Nach Disco-Besuchen mussten Hunderte in Quarantäne

Allein hunderte Schleswig-Holsteiner wurden in den vergangenen Tagen von Gesundheitsämtern dazu aufgerufen, sich 14 Tage in Quarantäne zu begeben, weil sie rund um Weihnachten in Diskotheken in Kiel, Henstedt-Ulzburg, Bad Segeberg oder Rendsburg gefeiert hatten. Trotz 2G-Plus-Regel hatten sich Omikron-Infizierte unter den Gästen befunden. Andere Bundesländer wie Hamburg hatten bereits vor den Feiertagen Tanzverbote erlassen.

Dass die vermehrten Omikron-Fälle im Land bereits Einfluss auf die kritische Infrastruktur haben, zeigt das Beispiel der Imland-Klinik in Rendsburg. Dort musste am Wochenende der Kreißsaal schließen, weil nach einer Infektion im Team mehrere Ärzte und Hebammen als Kontaktpersonen in Quarantäne mussten.

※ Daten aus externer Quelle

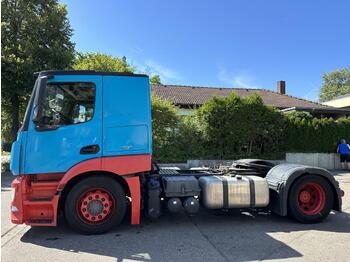 Tractor truck MERCEDES-BENZ Actros 1843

Mögliche Anpassungen der Quarantäne-Regelungen sollen laut Gesundheitsministerium Thema der Beratungen in der nächsten Woche sein. Garg will, dass sich die Gesundheitsminister der Länder schon vor der Ministerpräsidentenkonferenz zusammensetzen, um im Zusammenhang mit der Omikron-Variante über die Verkürzung der Quarantänezeiten und die Zulassung der Booster-Impfung für 12- bis 17-Jährige zu beraten.